WORK TO BE COMPLETED ::
Exercise in exact copying: restate word for word only the lines below from the one containing "Chalet Deluxe, 1" through the one containing "Vintage Beauty In", omitting any pictures.

DATA TO USE ::
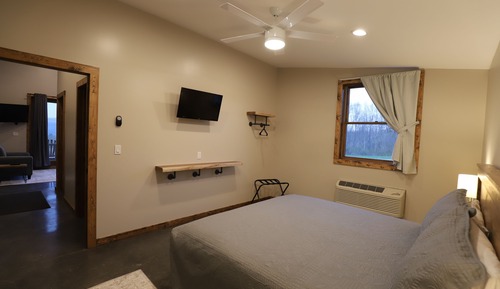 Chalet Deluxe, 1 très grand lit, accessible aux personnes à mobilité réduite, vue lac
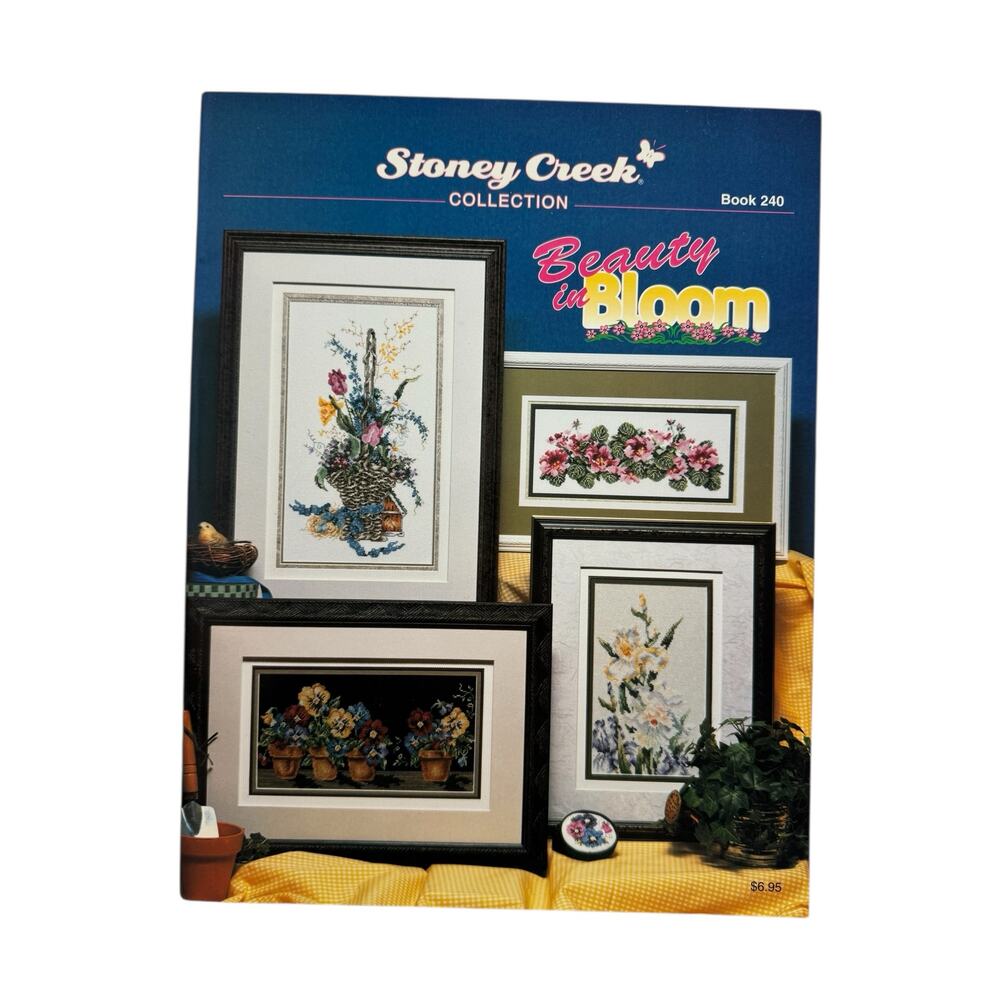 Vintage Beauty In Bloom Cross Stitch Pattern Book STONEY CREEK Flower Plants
==
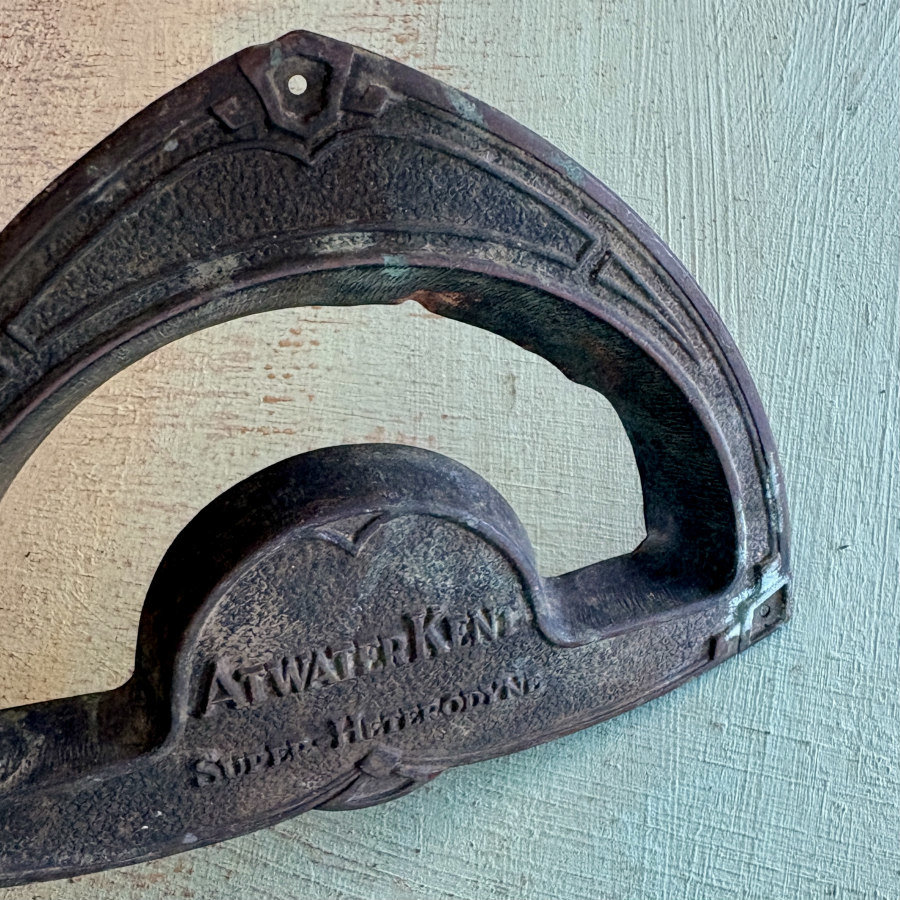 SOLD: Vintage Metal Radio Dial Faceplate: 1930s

RESPONSE TO THIS EXERCISE ::
 Chalet Deluxe, 1 très grand lit, accessible aux personnes à mobilité réduite, vue lac
 Vintage Beauty In Bloom Cross Stitch Pattern Book STONEY CREEK Flower Plants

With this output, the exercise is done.